Facebook already built its own data center and its own servers. And now the social-networking giant is building its own storage hardware – hardware for housing all the digital stuff uploaded by its more than 845 million users.
“We store a few photos here and there,” says Frank Frankovsky, the ex-Dell man who oversees hardware design at Facebook. That would be an understatement. According to some estimates, the company stores over 140 billion digital photographs – and counting.
Like the web’s other leading players – including Google and Amazon – Facebook runs an online operation that’s well beyond the scope of the average business, and that translates to unprecedented hardware costs – and hardware complications. If you’re housing 140 billion digital photos, you need a new breed of hardware.
In building its own data centre on the Oregon high desert, Facebook did away with electric chillers, uninterruptible power supplies, and other terribly inefficient gear. And in building its own servers, it not only reduced power consumption, it stripped thee systems down to the bare essentials, making them easier to repair and less expensive. Frankovsky and his team call this “vanity free” engineering, and now, they’ve extended the philosophy to storage hardware.
“We’re taking the same approach we took with servers: Eliminate anything that’s not directly adding value. The really valuable part of storage is the disk drive itself and the software that controls how the data gets distributed to and recovered from those drives. We want to eliminate any ancillary components around the drive – and make it more serviceable,” Frankovsky says during a chat at the new Facebook headquarters in Menlo Park, California, which also happens to be the former home of onetime hardware giant Sun Microsystems.
“Break fixes are an ongoing activity in the data centre. Unfortunately, disk drives are still mechanical items, and they do fail. In fact, they’re one of the higher failure-rate items.
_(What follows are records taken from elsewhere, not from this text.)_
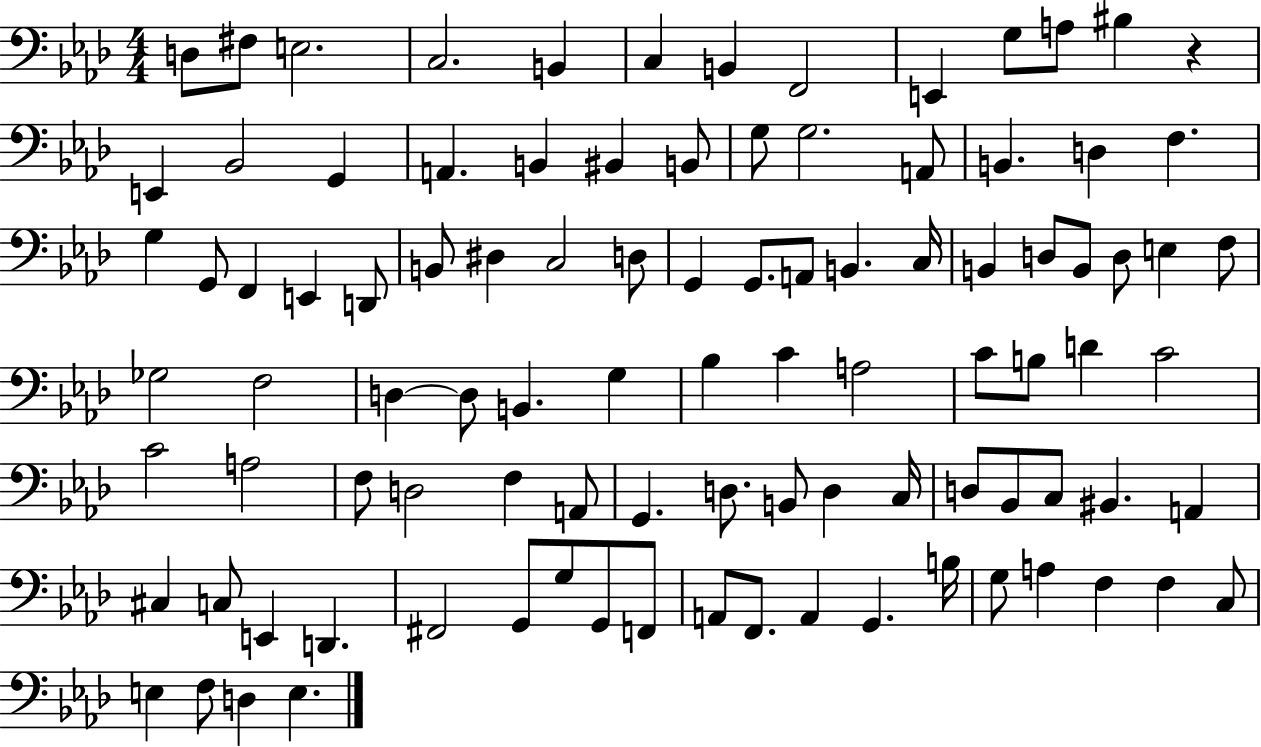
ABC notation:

X:1
T:Untitled
M:4/4
L:1/4
K:Ab
D,/2 ^F,/2 E,2 C,2 B,, C, B,, F,,2 E,, G,/2 A,/2 ^B, z E,, _B,,2 G,, A,, B,, ^B,, B,,/2 G,/2 G,2 A,,/2 B,, D, F, G, G,,/2 F,, E,, D,,/2 B,,/2 ^D, C,2 D,/2 G,, G,,/2 A,,/2 B,, C,/4 B,, D,/2 B,,/2 D,/2 E, F,/2 _G,2 F,2 D, D,/2 B,, G, _B, C A,2 C/2 B,/2 D C2 C2 A,2 F,/2 D,2 F, A,,/2 G,, D,/2 B,,/2 D, C,/4 D,/2 _B,,/2 C,/2 ^B,, A,, ^C, C,/2 E,, D,, ^F,,2 G,,/2 G,/2 G,,/2 F,,/2 A,,/2 F,,/2 A,, G,, B,/4 G,/2 A, F, F, C,/2 E, F,/2 D, E,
So [we want to] be able to quickly identify which disk has failed and replace it, without going through a lot of mechanical hoops.”
As with its data centre and server creations, Facebook intends to “open source” its storage designs, sharing them with anyone who wants them. The effort is part of the company’s Open Compute Project, which seeks to further reduce the cost and power consumption of data centre hardware by facilitating collaboration across the industry. As more companies contribute to the project, the thinking goes, the designs will improve, and as more outfits actually use the designs, prices will drop even more.
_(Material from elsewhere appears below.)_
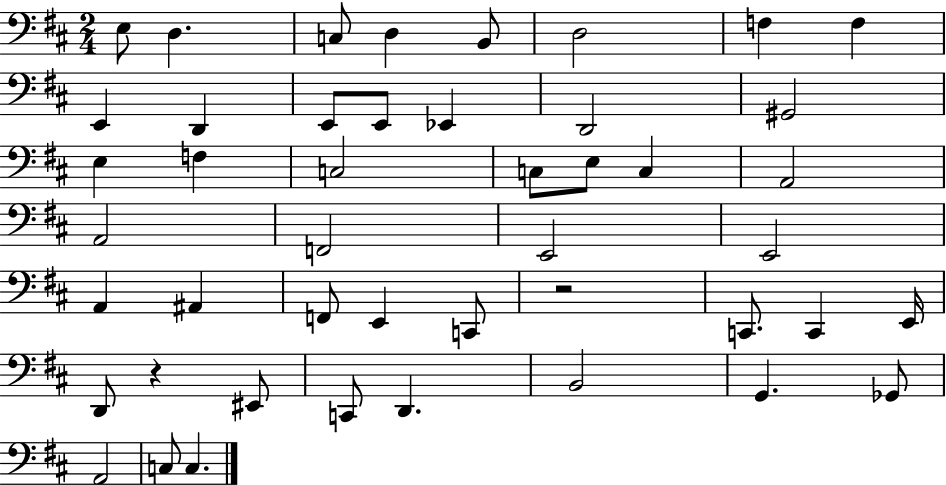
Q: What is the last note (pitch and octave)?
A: C3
When Facebook first introduced the project last spring, many saw it as a mere PR stunt. But some big-name outfits – including some outside the web game – are already buying Open Compute servers. No less a name than Apple has taken interest in Facebook’s energy-conscious data-center design. And according to Frankovsky, 50 per cent of the contributions to the project’s open source designs now come from outside Facebook.
For Peter Krey – who helped build a massive computing grid for one of Wall Street largest financial institutions and now advises the CIOs and CTOs of multiple Wall Street firms as they build “cloud” infrastructure inside their data centres – Facebook’s project is long overdue. While building that computing grid, Krey says, he and his colleagues would often ask certain “tier one” server sellers to strip proprietary hardware and unnecessary components from their machines in order to conserve power and cost. But the answer was always no. “And we weren’t buying just a few servers,” he says. “We were buying thousands of servers.”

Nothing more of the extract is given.